I guess I can imagine some other "blacks" (are the people in the pic "black"?) would not object- but I would- and many others would. I don't use skin color to make a determination of what one person is allowed to do/not do- nor do I approve of anyone using skin color as a basis for discrimination.

We cannot influence other nations much as individuals here in the USA- but as a whole we can. We as a people need to stand up, come together, and NEVER allow people to discriminate by skin color- no matter what the good intentions are.
I agree that it's not good for people to excuse their own failings, laziness, etc. on something that happened generations ago.
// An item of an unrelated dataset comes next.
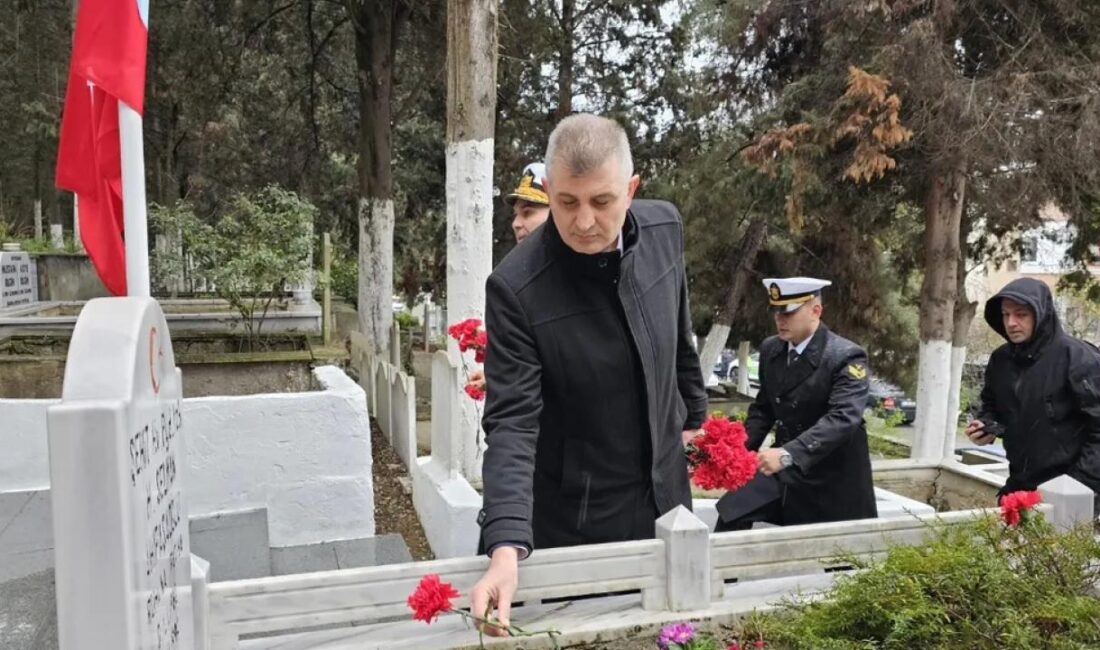 Gölcük’te 18 Mart Şehitler Günü ve Çanakkale Deniz Zaferi’nin 110.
But that doesn't mean that there isn't some effect. Irish immigrants did not have their families regularly pulled apart, with various members sent far and wide, and in that day, a family member on a farm 30 miles away may as well have been in Tasmania, particularly regarding slaves. This went on for a century or two, and the Jim Crow era was not exactly a new day in all ways.

Your splitting hairs on the word black regarding the albinos you pictured is on the edge of obnoxious, sorry to tell you. Not sure why you're so obsessed with the issue. Regarding the incident that you described in the OP, I'd go with the advice of Lao Tzu:

He who is wise keeps silent, he who advises is a fool.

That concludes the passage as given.